All washed up Rover

Hugh Pearman explains why he can’t get worked up about the demise of MG Rover

Cars, for me, are like slightly less interesting versions of washing machines. They are consumer durables, but they demand too much attention. I don’t spend hours watching washing machine programmes on the television or reading reviews of washing machines in the papers. Nobody is going to break into my house to steal my Zanussi. The fact that a new Ferrari can get to 62mph in half a second is actually even duller than washing machine facts because I am never going to buy a Ferrari, whereas I buy washing machines at roughly five-year intervals.

So I can’t get even slightly worked up about the demise of MG Rover. There are probably as many jobs at stake in the UK in Electrolux or Sony as there were in that much-reduced car company. Nor was MG Rover a bellwether of the British economy. Since lots of other car makers, from Nissan to Peugeot, do perfectly well in the UK, the problem was evidently nothing to do with the economy or the Government.

It was all to do with the company. And the company had ceased to innovate the moment it was sold by BMW. It had virtually no money to invest, it could only do increasingly desperate tarting-up exercises on old models.

But brands, of course, are not tied to a particular factory floor in a particular place. If that were the case, then the spiritual home of MG would be Abingdon, not Longbridge.
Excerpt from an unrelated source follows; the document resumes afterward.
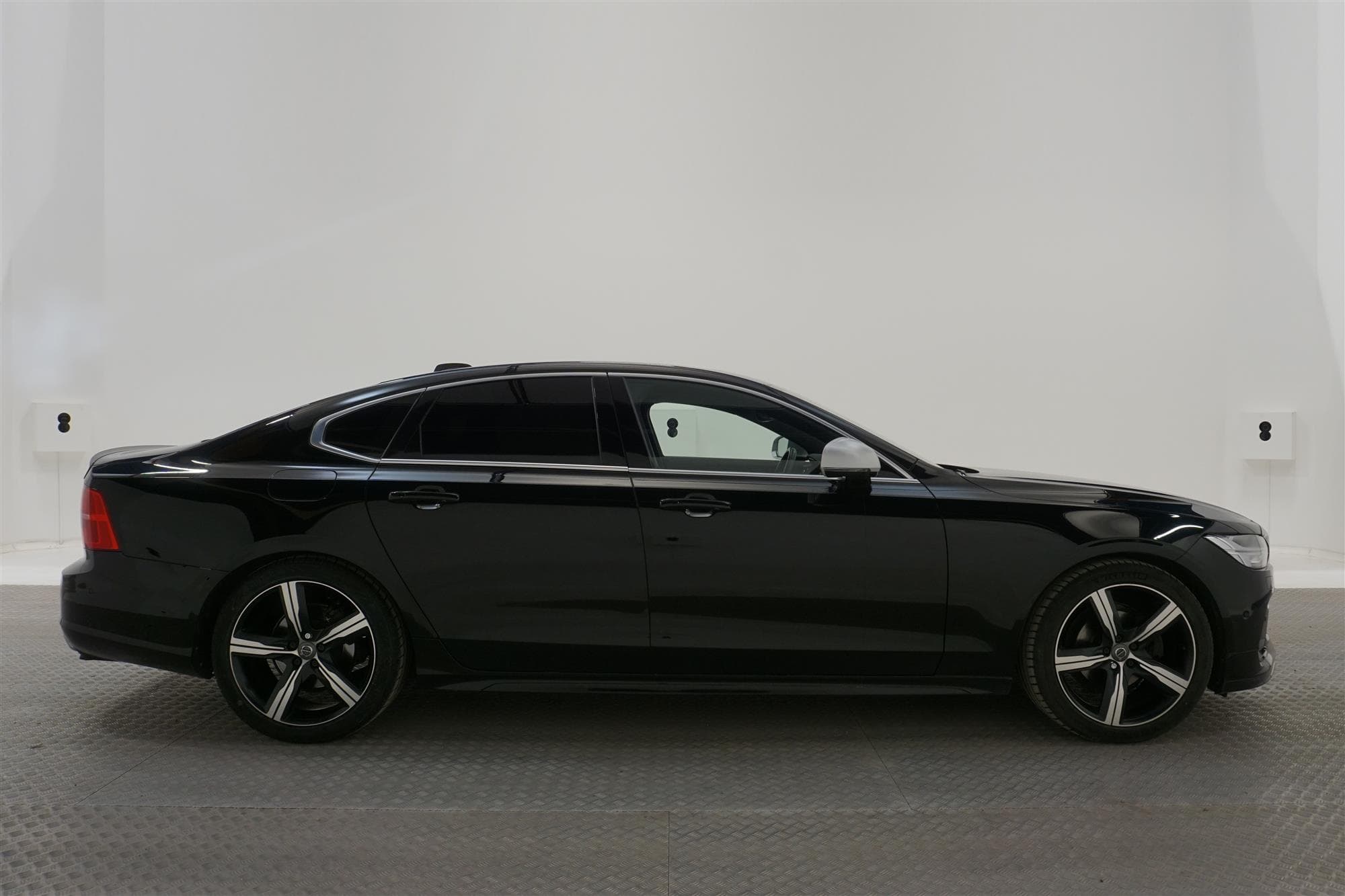 Volvo S90 D4 190hk AWD R-Design D-värm Taklucka Navi B-kam 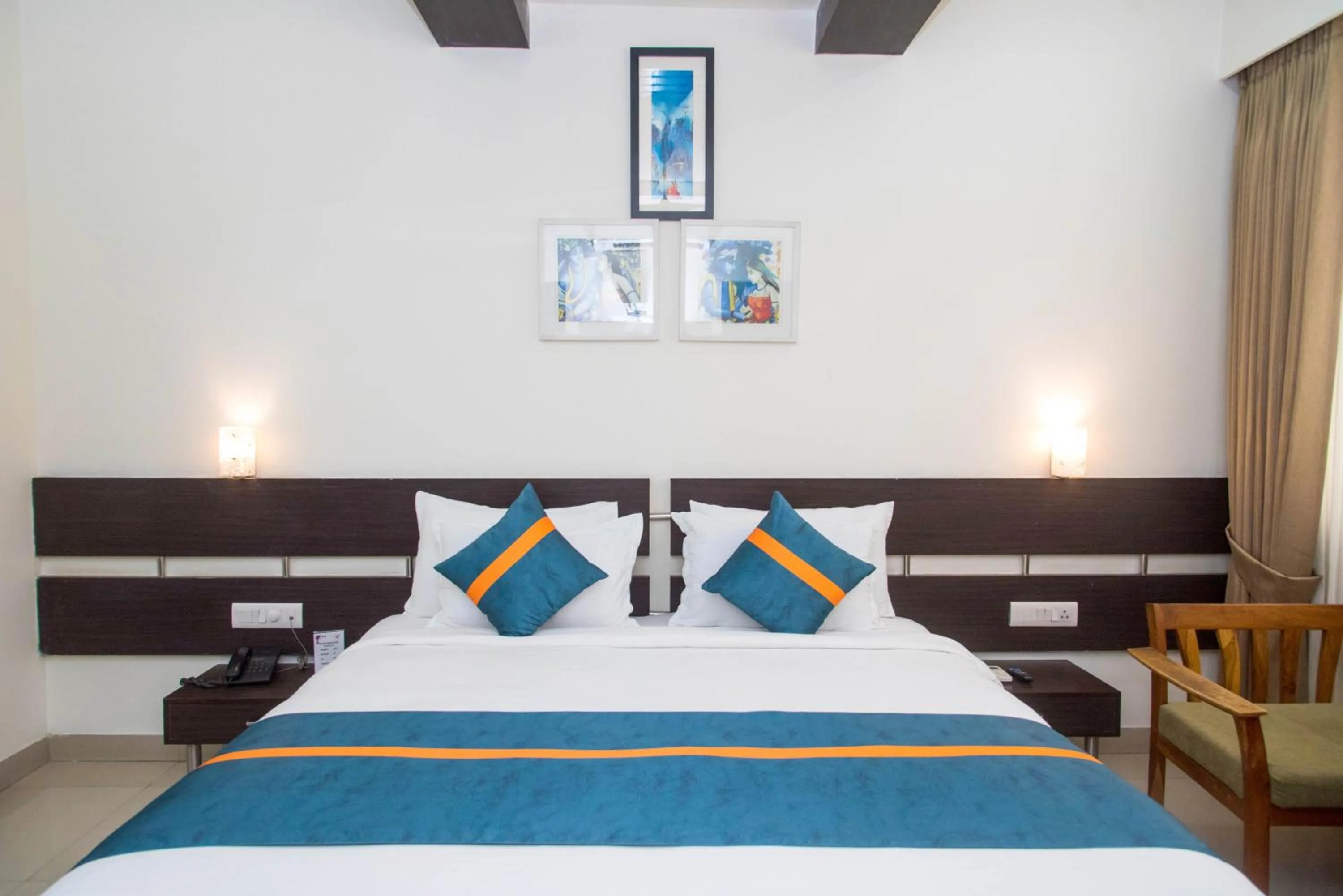 Bedroom, Bed in Raghu Mahal Hotel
Longbridge is where they used to make Austins. But Austin, like Morris, became a discredited brand name and was dropped like others before it – Wolseley, Riley, Triumph and so forth. Rover had been chosen as a stronger brand name for what had been the British Leyland group. Then Rover in turn became a tired brand, so the MG badge was brought back and applied to Rovers. To little effect.

From the consumer’s point of view, the only reason to be aware of such matters is when it saves you money. The man in my local TV shop, for instance, because he repairs TVs as well as sells them, knows when Brand X is identical to Brand Y, but merely packaged with a different name. He presents you with a simple choice: do you want to buy the premium brand, or do you want to buy the identical piece of kit (and it really is identical) for rather less money? It’s a no-brainer for me. But – such is the power of brands, we are told – most people would rather pay more for a particular name.

But this loyalty only goes so far. The brand values attached to the Rover and MG names may have been stronger than Austin at the outset, but they quickly weakened. An ageing product line will never keep its customers, whatever the name. If BMW stopped producing new models, it would quickly go the same way.

But there is one way in which car brand names do better than their equivalents in white goods. For some reason, they are evocative. People don’t go all misty-eyed about vanished breeds of vacuum cleaner, but bring up a name like Alvis or Jowett in the company of petrolheads, and you’re in for an evening of full-on automotive nostalgia.

This is why Rover and MG and all those other names will never quite die.